Habitat's next phase, which would build between 15 to 20 homes, is slated for an adjoining lot up a steep hill. The road needs to be paved to the new area, and it may take a few months to get the work completed, a city official said.
"We hate to stop when we've got our team so well organized," Mr. Zemaitis said.
City workers are moving quickly, but building roads never is a fast process, city Public Works Director Benny Dunn said.
"Right now, the city has requested ... the county to go ahead and do the road," Mr. Dunn said.
But first the county must complete a stormwater plan, then a retention pond must be built, he said. All that could delay work until October or November, Mr. Dunn said.
Dalton's Habitat workers may help build homes in Murray County during the down time, Mr. Zemaitis said.
Meanwhile, volunteers and the crew of full-time builders working on the current Habitat home should finish work by the middle or end of July, Mr. Zemaitis said.
Already a family of six is planning to move into the home. Like most other Habitat projects, the family helps build the structure, then takes on a $55,000 mortgage for 30 years without interest.

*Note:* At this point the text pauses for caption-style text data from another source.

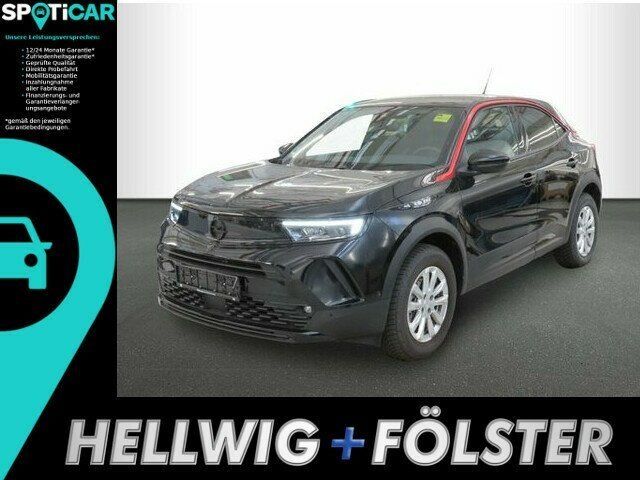 Opel Mokka 45.000 km 14.990 &euro; Hohenlockstedt 25551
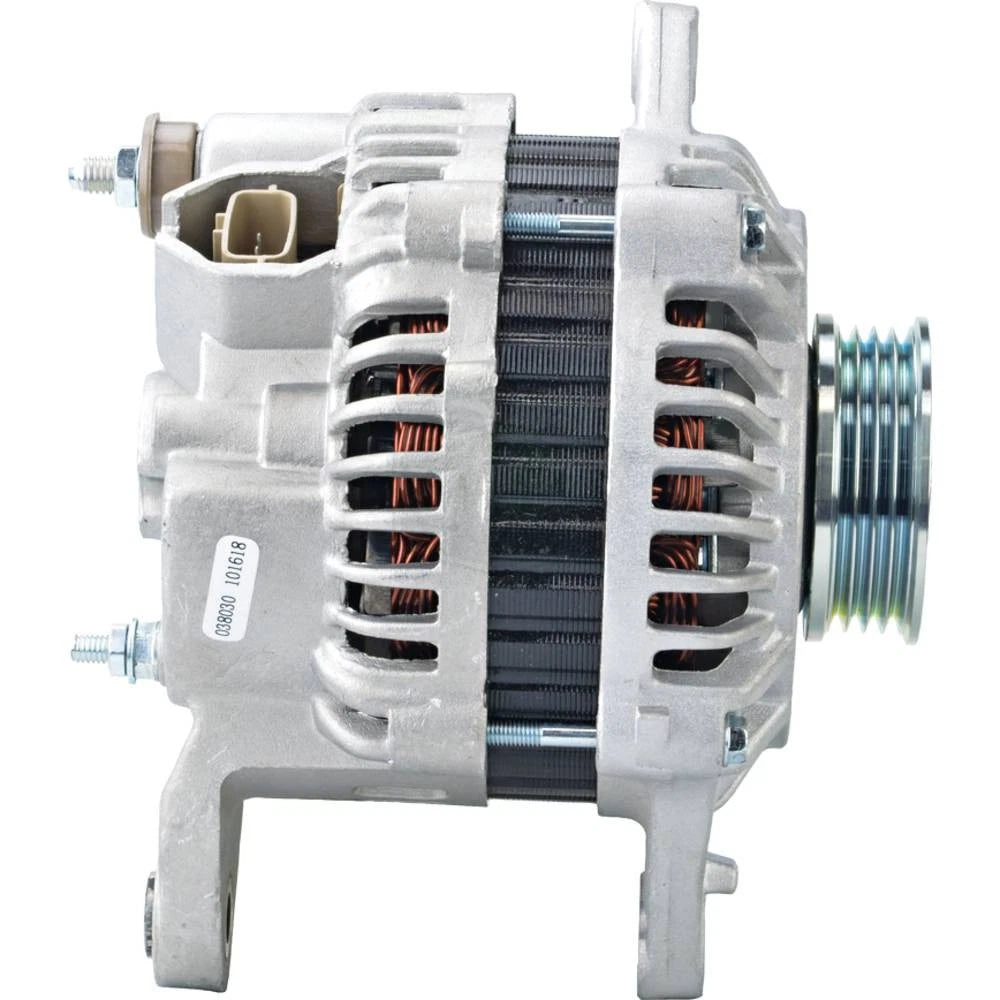 Alternator for J&N Electrical Products (400-48133-JN)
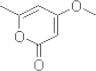 4-Methoxy-6-methyl-2-pyrone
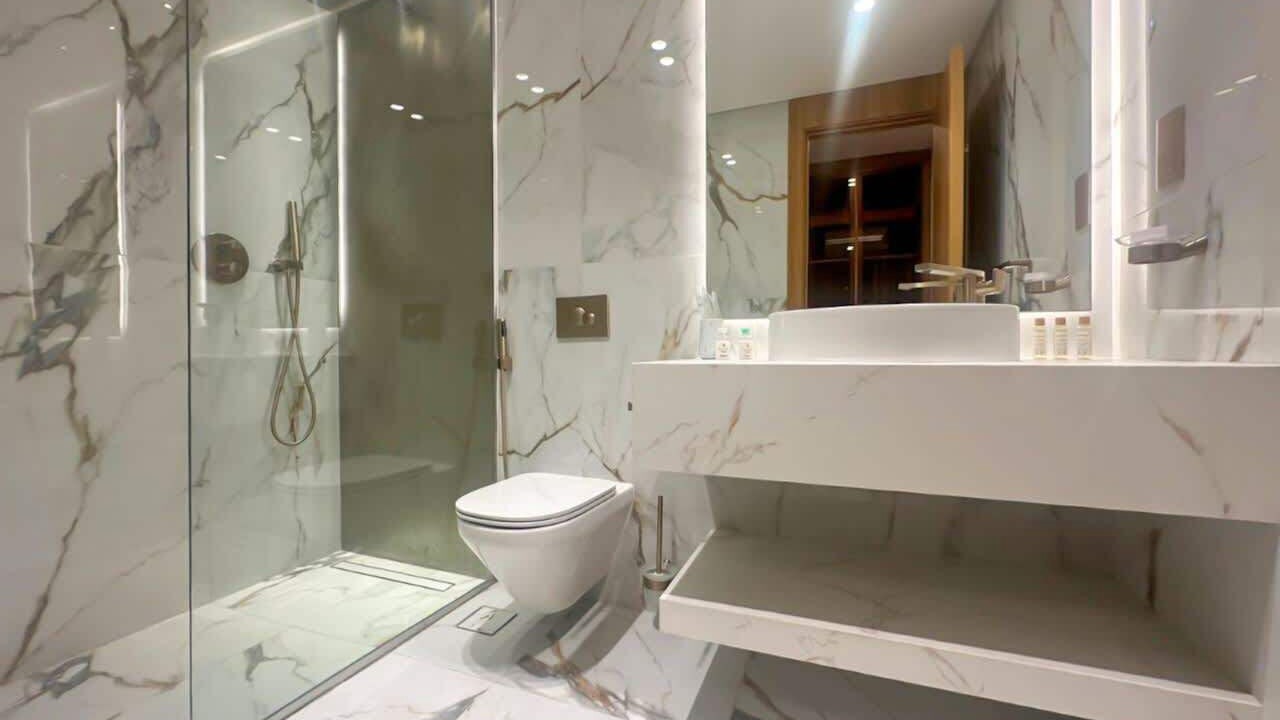 Photo of Bathroom in Dubai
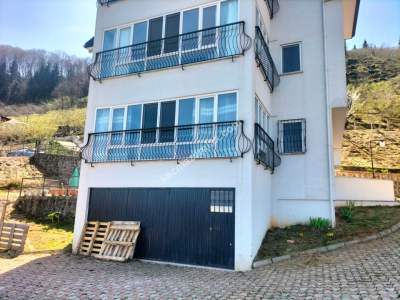 Trabzon Yomra Gürsel Mahallesi'nde Satılık Arazi 3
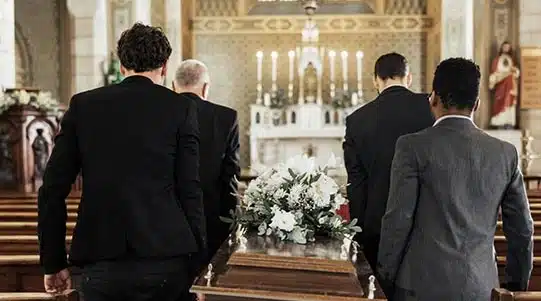Wrongful Death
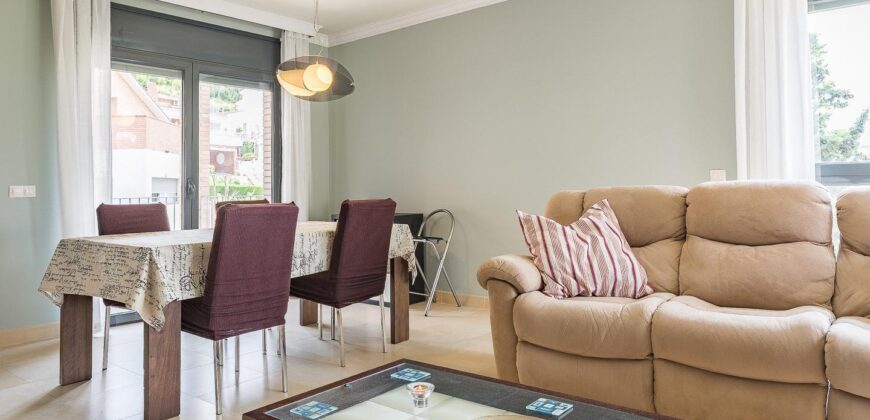 Spain Get your residency! house, terrace & garden very good condition PR-00352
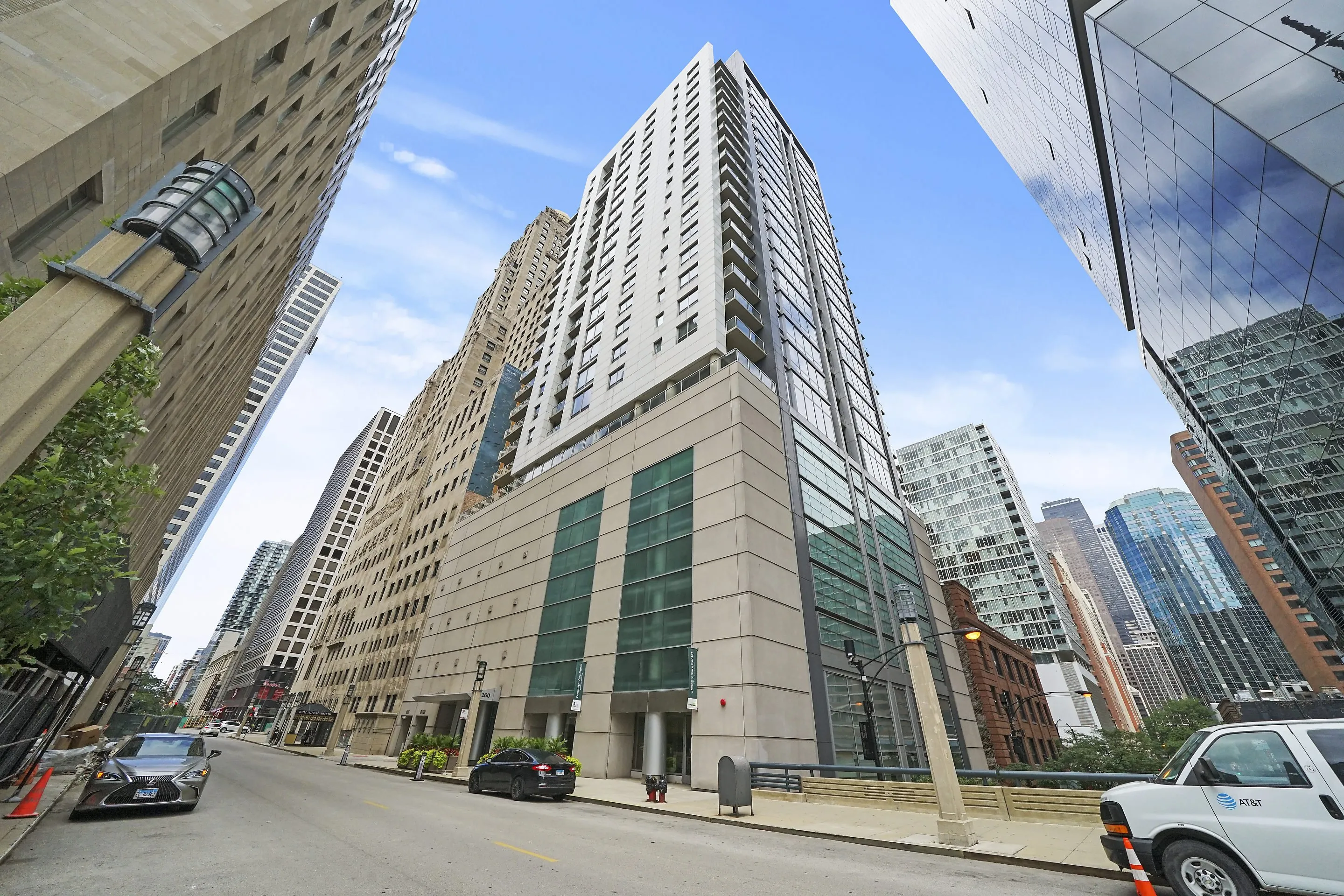 Avenue East Apartments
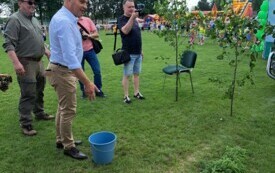 To najwspanialsza impreza w powiecie. 21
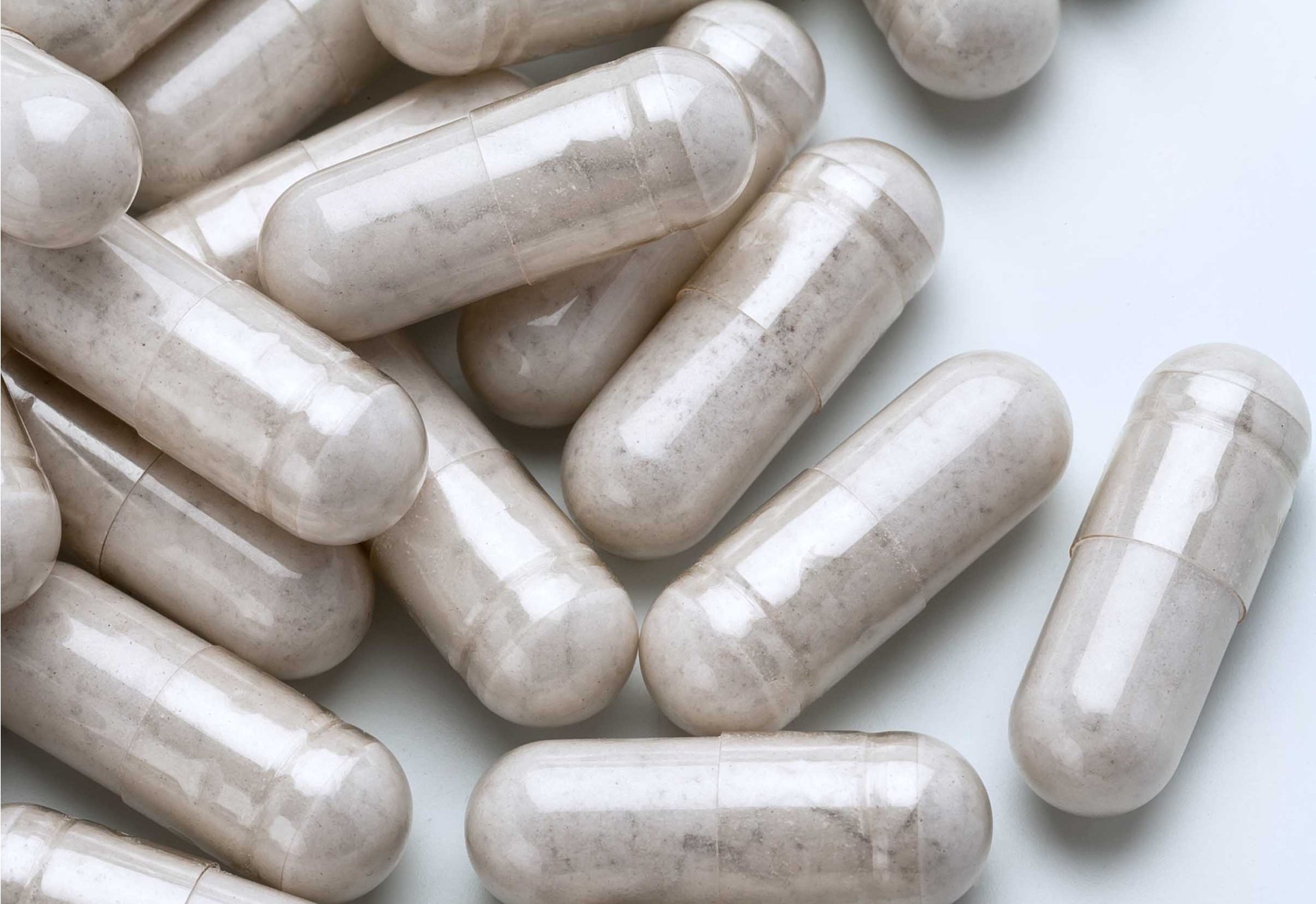 7 výhod probiotík pre vašu pleť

Groups from across the community volunteer to build the house. This week, a group of seven employees from the NorthWest Georgia Trade and Convention Center were onsite, priming and painting interior walls.
The work is "a team-building exercise for our staff, and it helps do something positive for the community," said Rebecca Bolton, the convention center's director of sales and marketing. "It feels great to do something for someone else."
The Trade and Convention Center helped build two Habitat homes last summer. Seeing those structures completed brings a sense of satisfaction, Ms. Bolton said.
"We can say that we helped develop this community," she said.
In addition to volunteering, community members can shop at the Habitat ReStore, which takes in construction materials and resells them at a profit.
Mr. Zemaitis said the store is a great place to pick up new carpet and other flooring materials.
Donations and earnings from the store all go to help Habitat, which Mr. Dunn said has had a positive impact on the community.
"They are doing wonderful things," he said. "They have really created a wonderful community and been a real asset to Dalton."